Short descriptive text snippets>
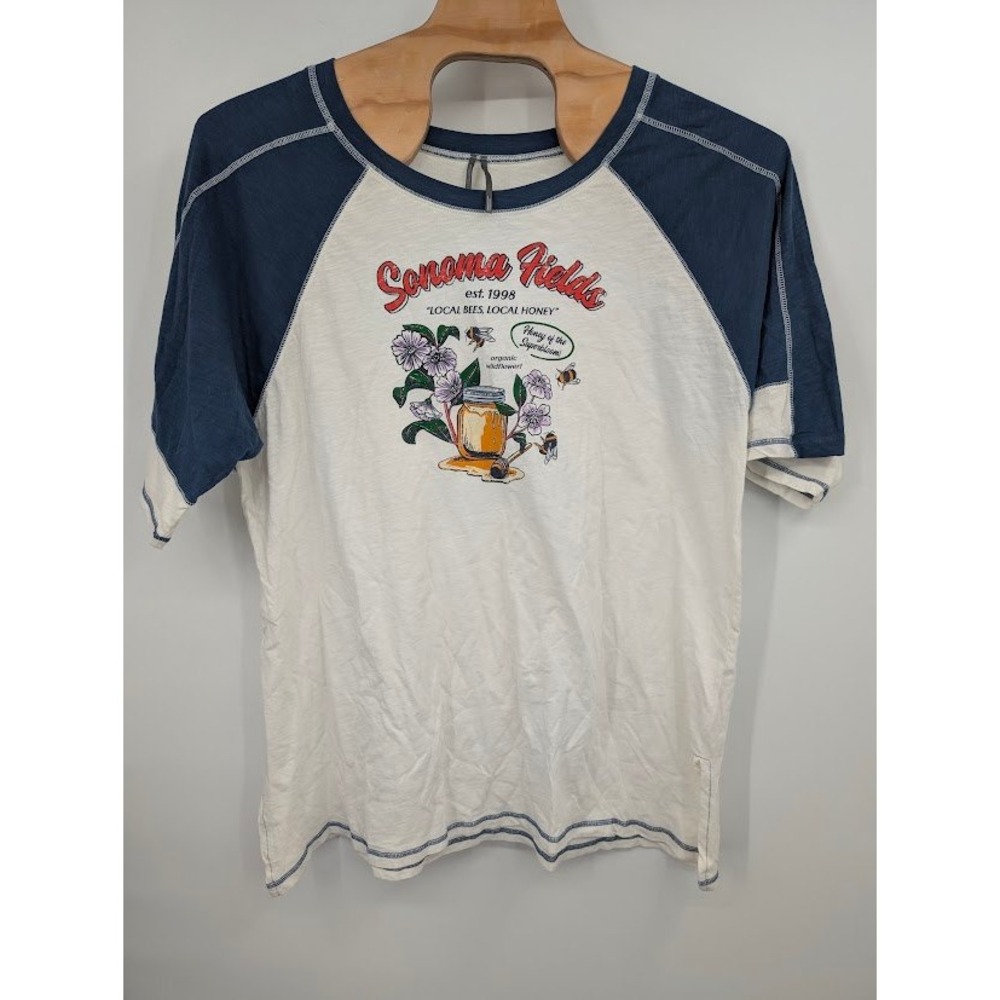 Anthropologie Oversize Graphic sleep t-shirt Sonoma Fields Raglan Cream Blue L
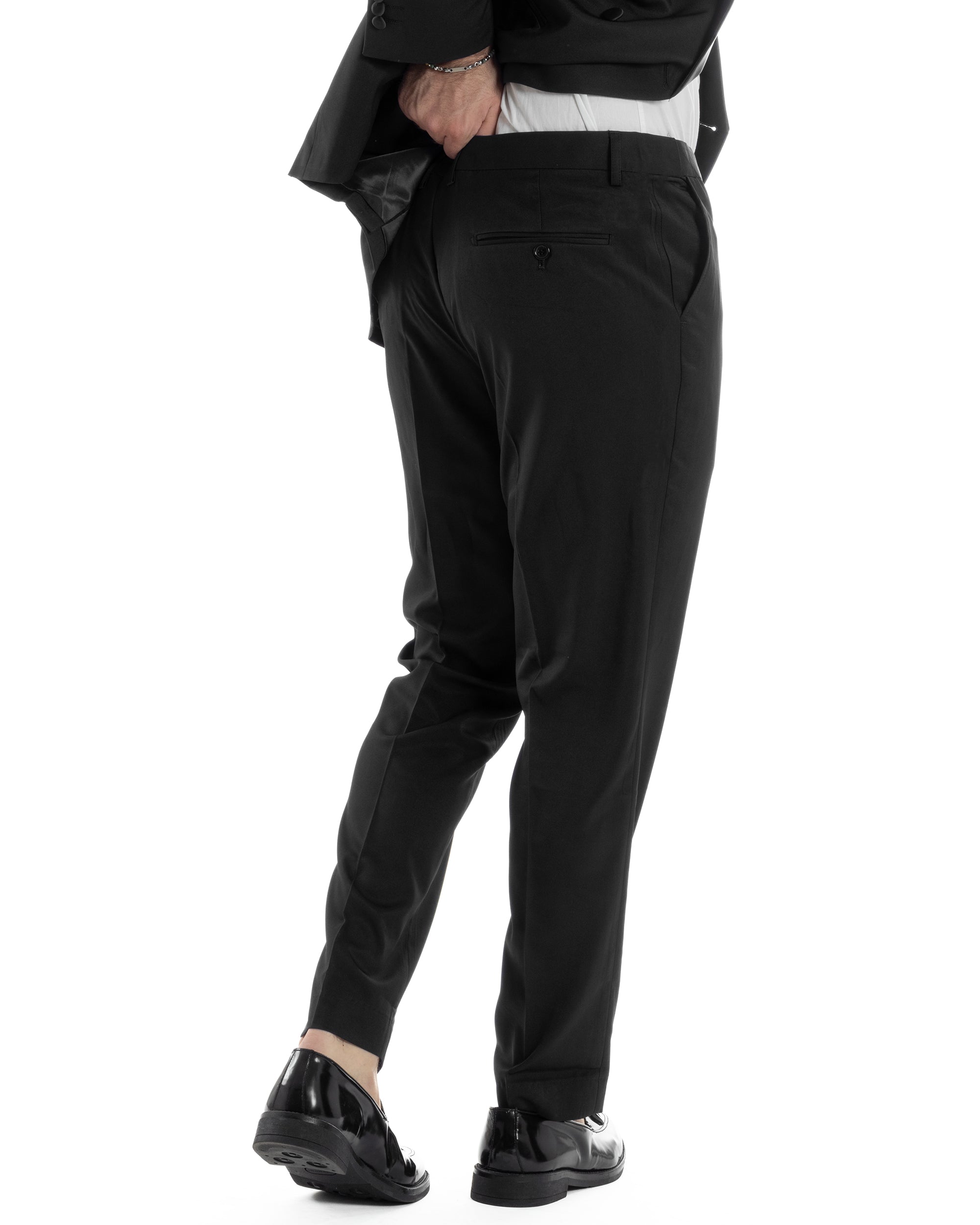 Abito Uomo Doppiopetto Quattro Bottoni Vestito Elegante Completo Smoking Rever Sciallato Raso Tinta Unita Nero GIOSAL-AE1110A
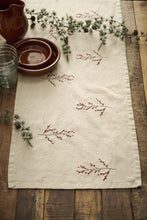 Load image into Gallery viewer, Embroidered Table Runner / Winter Berries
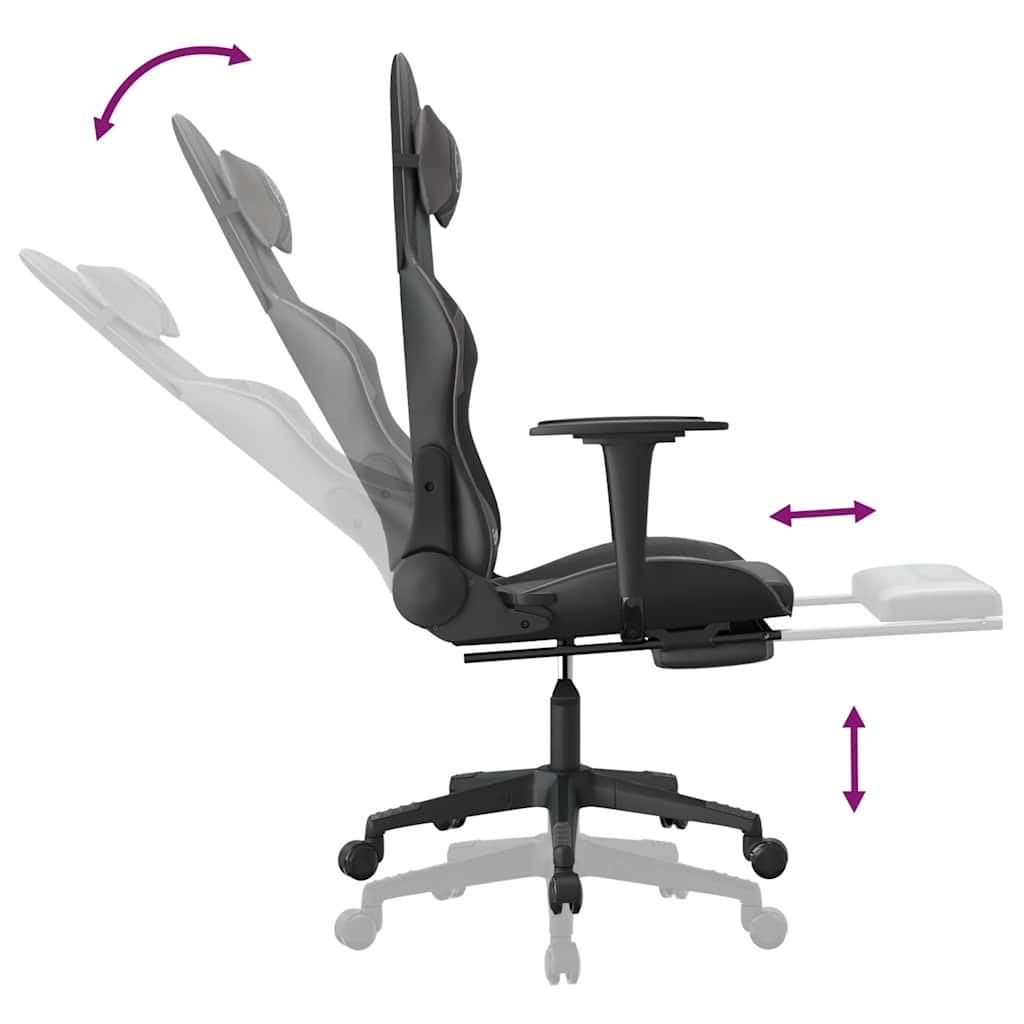 Gaming chair with massage/footrest, black/gray, eco-leather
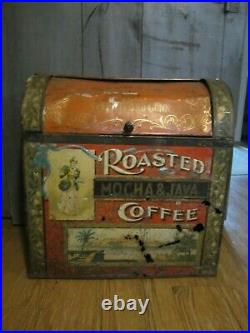 RARE Antique Late 1800s Seym's & Co. Coffee Bin Store Display Hartford Conn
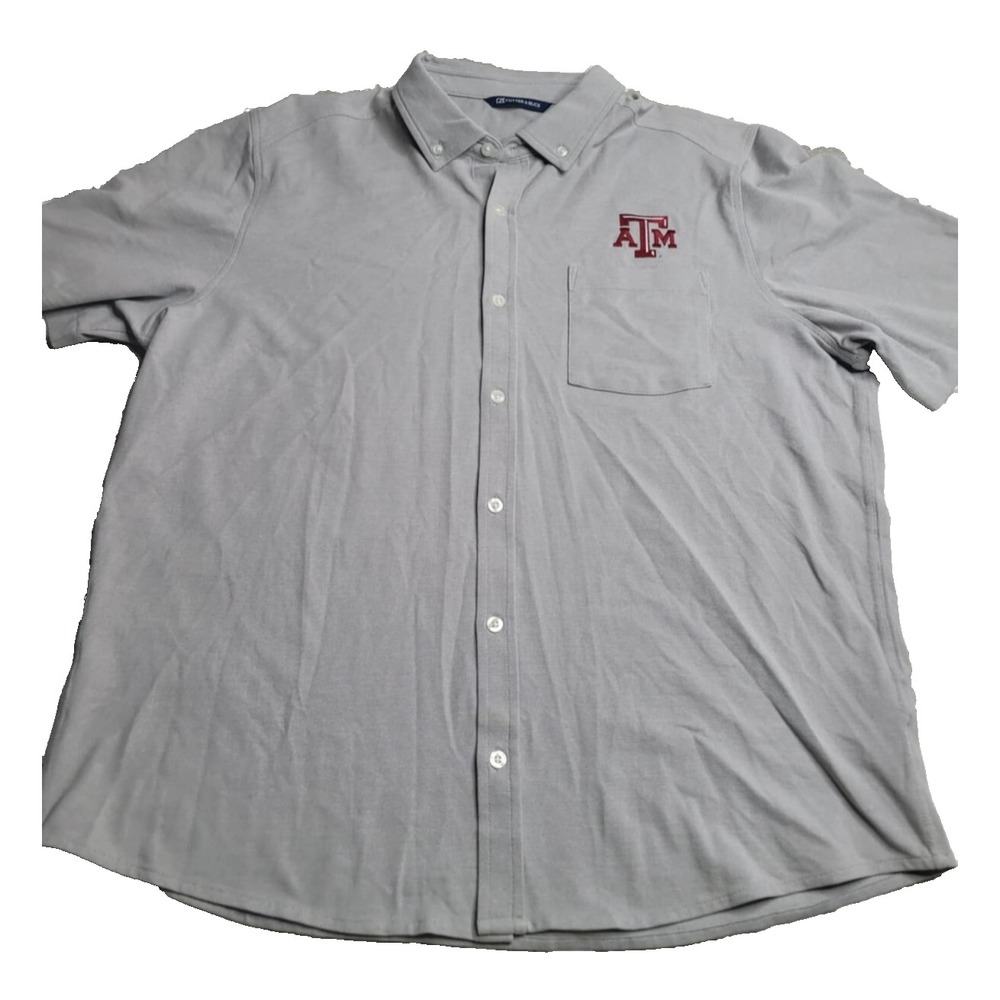 Cutter & Buck Texas A&M Aggies Button Down Shirt Men s XL‎ Short Sleeve Gray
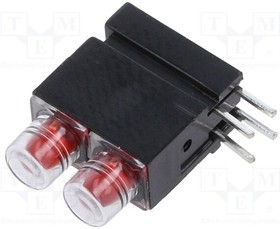 1801.2235, LED; in housing; red; 3.9mm; No.of diodes: 2; 20mA; 60°; 1.2?4mcd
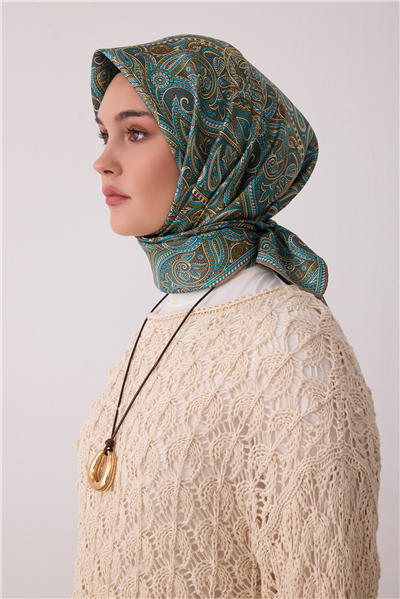 Mint Etnik Desen %100 Twill İpek Eşarp 4404-32
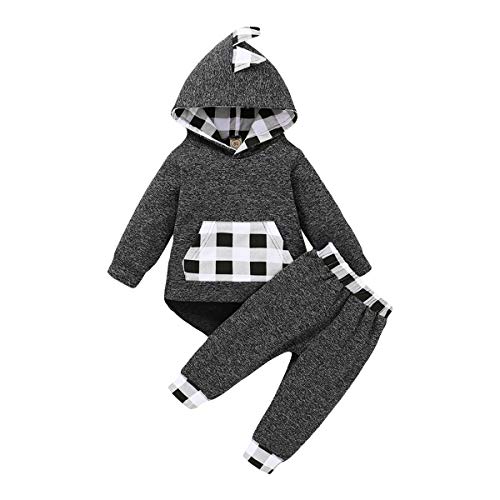 2T Boy Clothes Toddler Dinosaur Sweatshirt 3T Boy Outfit Long Sleeve Sweater Little Boy Hoodies Plaid Pants Set Fall Winter 2 3 Year Old Boy Clothes Grey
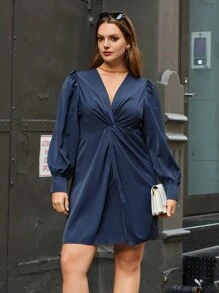 SHEIN Privé Plus Twist Front Lantern Sleeve Dress - Navy Blue - View 1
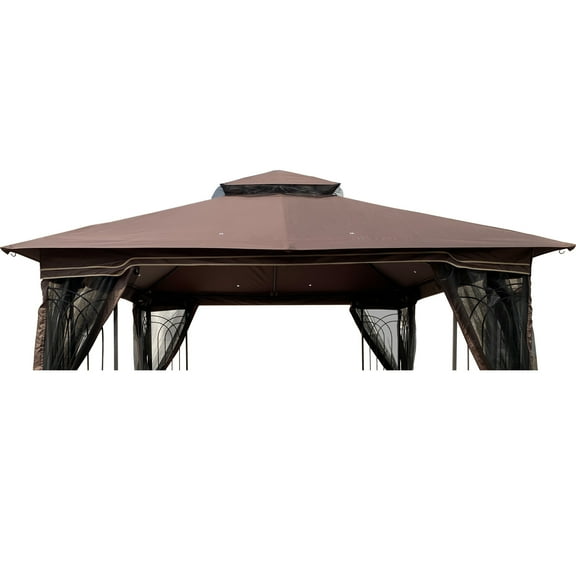 Replacement Canopy Top for 10x10 FT Double Roof Gazebos – UV-Protected, Water-Resistant & Easy-Install for Outdoor Garden Patio,Brown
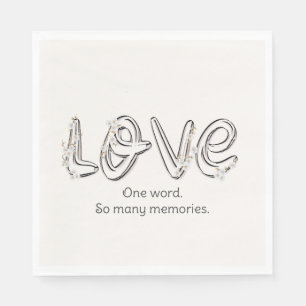 Anniversary Almond Blossom Love Text Napkin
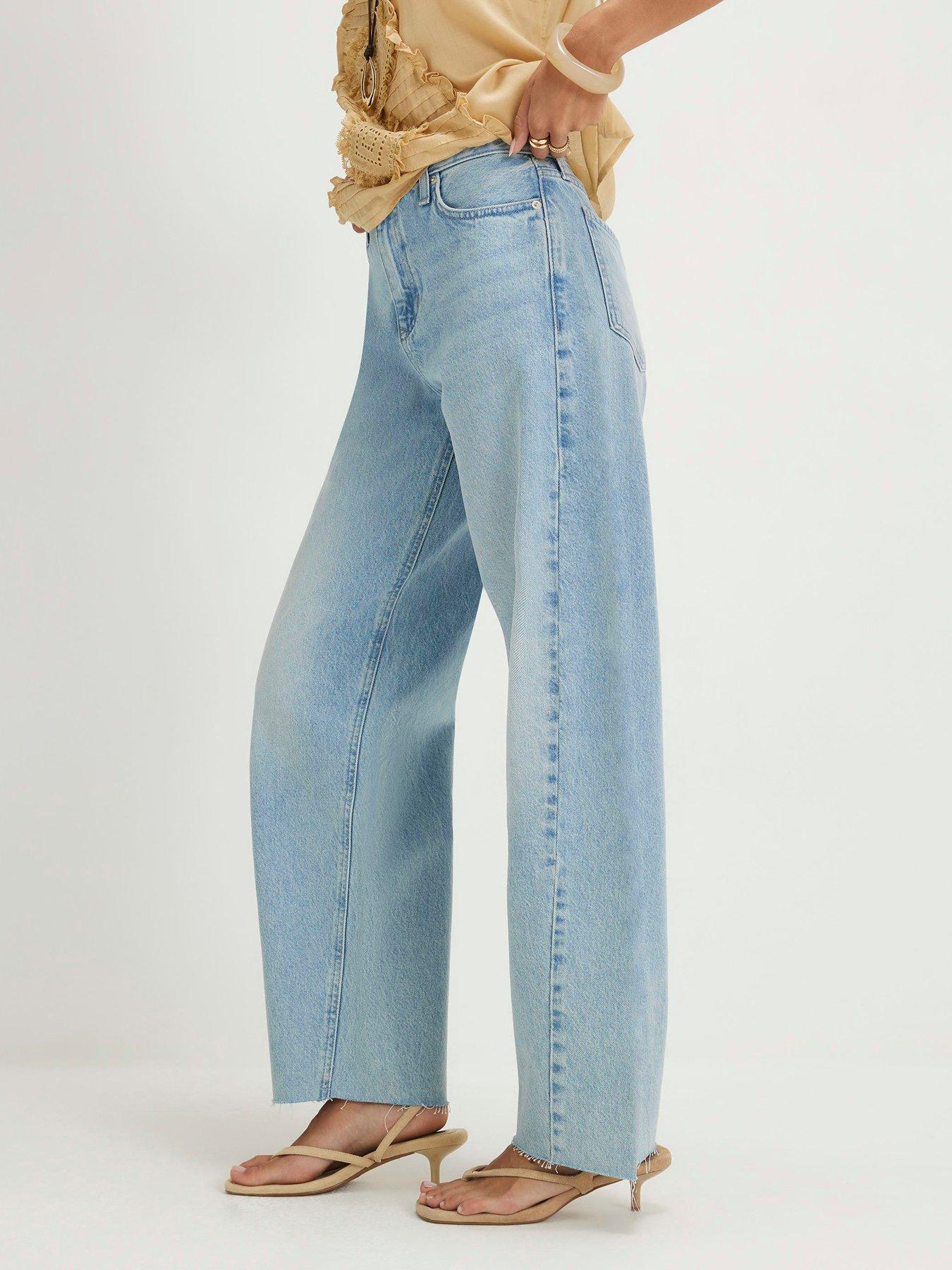 River Island Beckham Barrel Leg Jeans - Blue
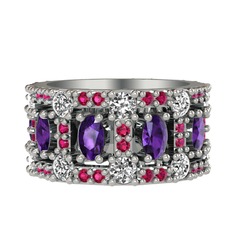 Zelie Tamtur Yüzük - Ametist, beyaz zirkon ve rodolit garnet 925 ayar gümüş yüzük #1c3c7u0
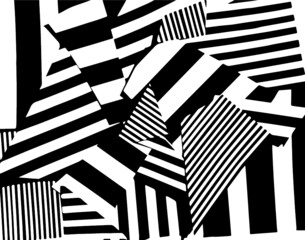 Fototapeta premium Vector striped pattern. Grunge black-white background.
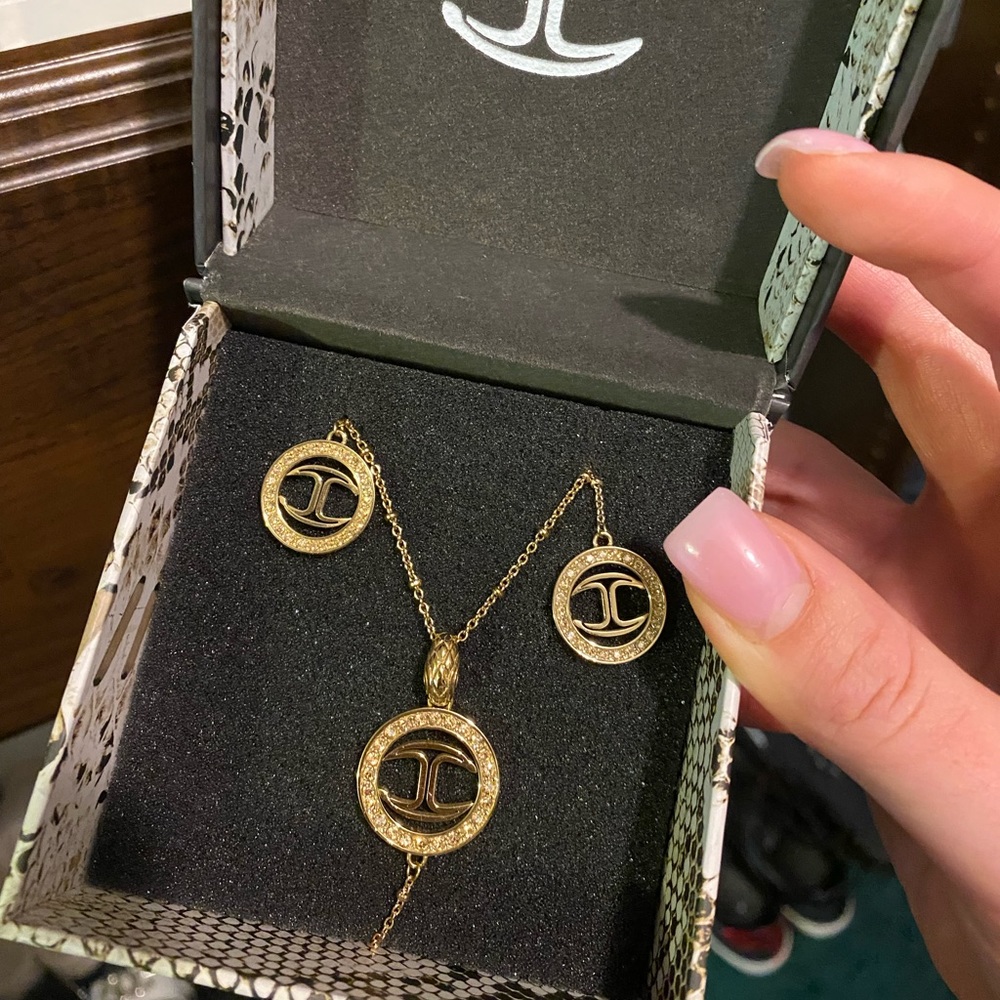 JUST CAVALLI set of gold earrings and a necklace , OS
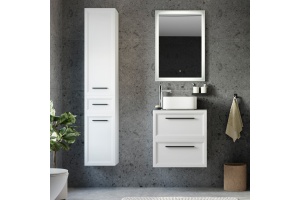 Мебель для ванной STWORKI Эстерсунд 60 белая матовая, монте тиберио с отверстием под смеситель в столешнице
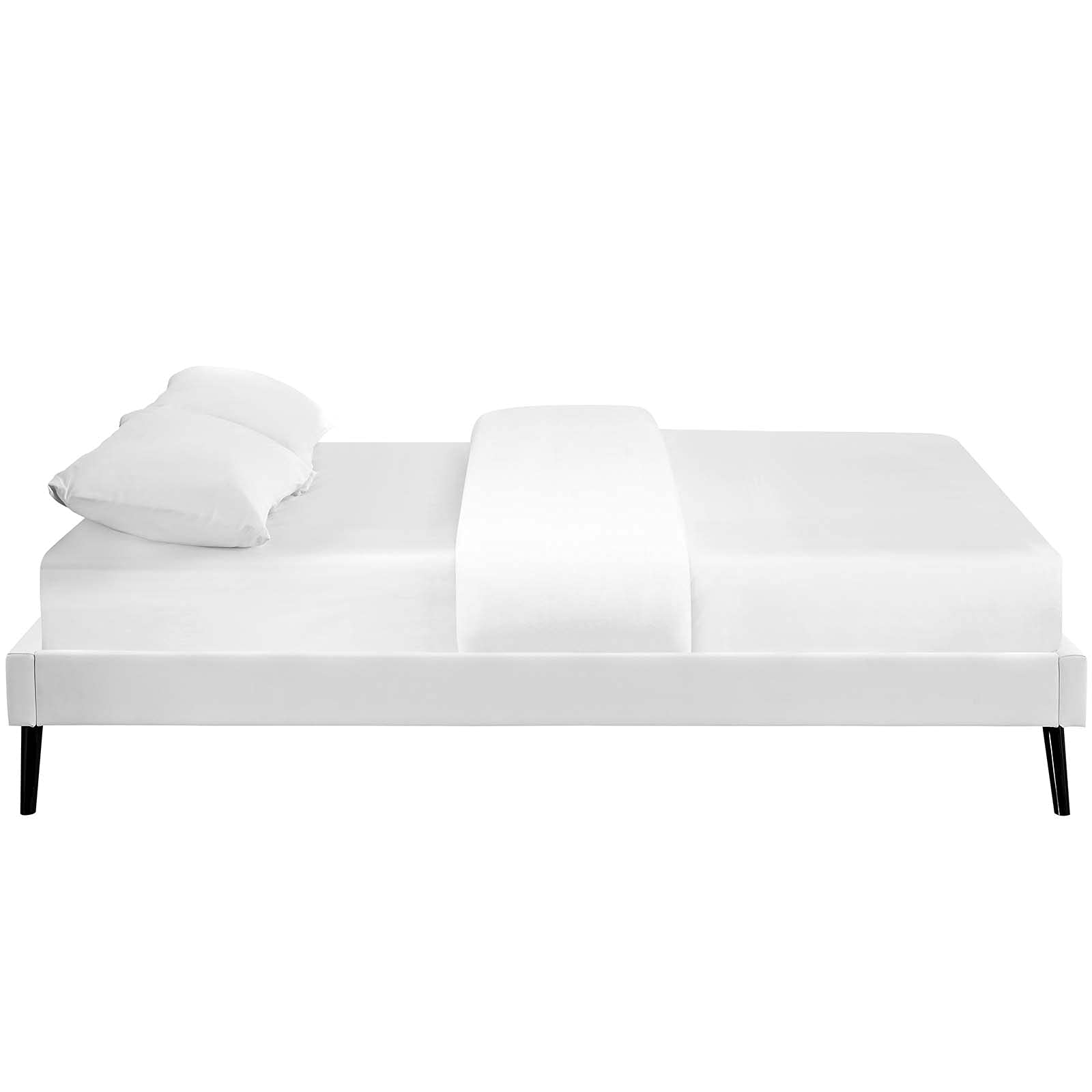 bed frames | CasaFoyer Loryn Platform Bed | Solid Wood Frame | Vinyl Upholstery | Tapered Legs | No Box Spring Needed | Compatible with Aveline Memory Foam Mattresses | Stylish Headboard Options | Ideal for Modern Bedrooms | casafoyer.myshopify.com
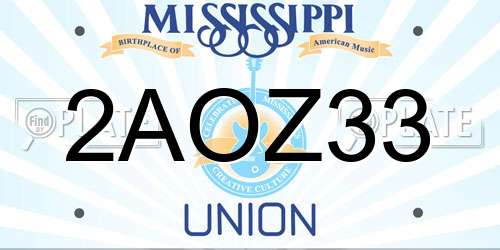 2AOZ33 Mississippi License Plate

EXERCISE GOAL>
Once the line with "Load image into" is found above, print it and every line after it through the line with "Mint Etnik Desen", exactly. Pictures stay out.

ANSWER BELOW>
 Load image into Gallery viewer, Embroidered Table Runner / Winter Berries
 Gaming chair with massage/footrest, black/gray, eco-leather
 RARE Antique Late 1800s Seym's & Co. Coffee Bin Store Display Hartford Conn
 Cutter & Buck Texas A&M Aggies Button Down Shirt Men s XL‎ Short Sleeve Gray
 1801.2235, LED; in housing; red; 3.9mm; No.of diodes: 2; 20mA; 60°; 1.2?4mcd
 Mint Etnik Desen %100 Twill İpek Eşarp 4404-32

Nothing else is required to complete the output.